WHAT IS REQUIRED: Look through the material below. Copy every line with the string "Silver" in it.

DATASET EXCERPTS:
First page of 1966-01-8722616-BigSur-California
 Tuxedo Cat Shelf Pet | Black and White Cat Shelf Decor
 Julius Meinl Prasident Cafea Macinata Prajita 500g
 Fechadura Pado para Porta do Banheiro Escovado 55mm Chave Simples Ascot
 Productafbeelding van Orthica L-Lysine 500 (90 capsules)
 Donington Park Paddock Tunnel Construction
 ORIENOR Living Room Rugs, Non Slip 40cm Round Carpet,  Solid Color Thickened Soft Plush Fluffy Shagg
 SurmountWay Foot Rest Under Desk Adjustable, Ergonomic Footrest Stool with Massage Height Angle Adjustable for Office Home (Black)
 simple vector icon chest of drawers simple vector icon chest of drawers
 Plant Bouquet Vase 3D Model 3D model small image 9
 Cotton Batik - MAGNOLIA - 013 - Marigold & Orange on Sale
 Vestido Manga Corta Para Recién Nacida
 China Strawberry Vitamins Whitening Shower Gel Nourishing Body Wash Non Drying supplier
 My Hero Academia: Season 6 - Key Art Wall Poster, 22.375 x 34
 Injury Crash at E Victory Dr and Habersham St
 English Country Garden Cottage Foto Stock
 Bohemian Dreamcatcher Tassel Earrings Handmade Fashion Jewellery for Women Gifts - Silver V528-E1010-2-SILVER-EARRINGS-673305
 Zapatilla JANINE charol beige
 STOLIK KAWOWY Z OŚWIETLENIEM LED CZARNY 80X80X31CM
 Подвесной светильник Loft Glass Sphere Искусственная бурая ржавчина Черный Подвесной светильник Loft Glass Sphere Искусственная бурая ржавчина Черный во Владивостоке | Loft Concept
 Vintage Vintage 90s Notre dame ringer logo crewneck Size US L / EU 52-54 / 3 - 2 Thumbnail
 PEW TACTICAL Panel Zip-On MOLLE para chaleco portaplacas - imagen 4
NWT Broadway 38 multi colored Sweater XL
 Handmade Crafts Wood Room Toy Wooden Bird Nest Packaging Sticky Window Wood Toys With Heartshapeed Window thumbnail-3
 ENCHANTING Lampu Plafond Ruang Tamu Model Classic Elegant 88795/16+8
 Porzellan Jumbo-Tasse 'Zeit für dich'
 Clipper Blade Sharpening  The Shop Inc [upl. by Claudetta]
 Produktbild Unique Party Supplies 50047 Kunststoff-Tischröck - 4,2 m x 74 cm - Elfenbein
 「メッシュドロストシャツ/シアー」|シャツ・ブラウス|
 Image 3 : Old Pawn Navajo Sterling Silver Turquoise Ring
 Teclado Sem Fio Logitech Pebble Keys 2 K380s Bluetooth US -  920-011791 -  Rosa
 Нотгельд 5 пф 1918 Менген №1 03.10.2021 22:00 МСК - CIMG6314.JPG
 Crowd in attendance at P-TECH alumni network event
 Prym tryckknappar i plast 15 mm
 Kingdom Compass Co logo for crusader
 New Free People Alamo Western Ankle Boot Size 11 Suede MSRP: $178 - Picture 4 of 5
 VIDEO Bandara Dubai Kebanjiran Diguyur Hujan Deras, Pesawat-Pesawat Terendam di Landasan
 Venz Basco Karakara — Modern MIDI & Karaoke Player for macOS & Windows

RESPONSE FOR THIS EXERCISE:
 Bohemian Dreamcatcher Tassel Earrings Handmade Fashion Jewellery for Women Gifts - Silver V528-E1010-2-SILVER-EARRINGS-673305
 Image 3 : Old Pawn Navajo Sterling Silver Turquoise Ring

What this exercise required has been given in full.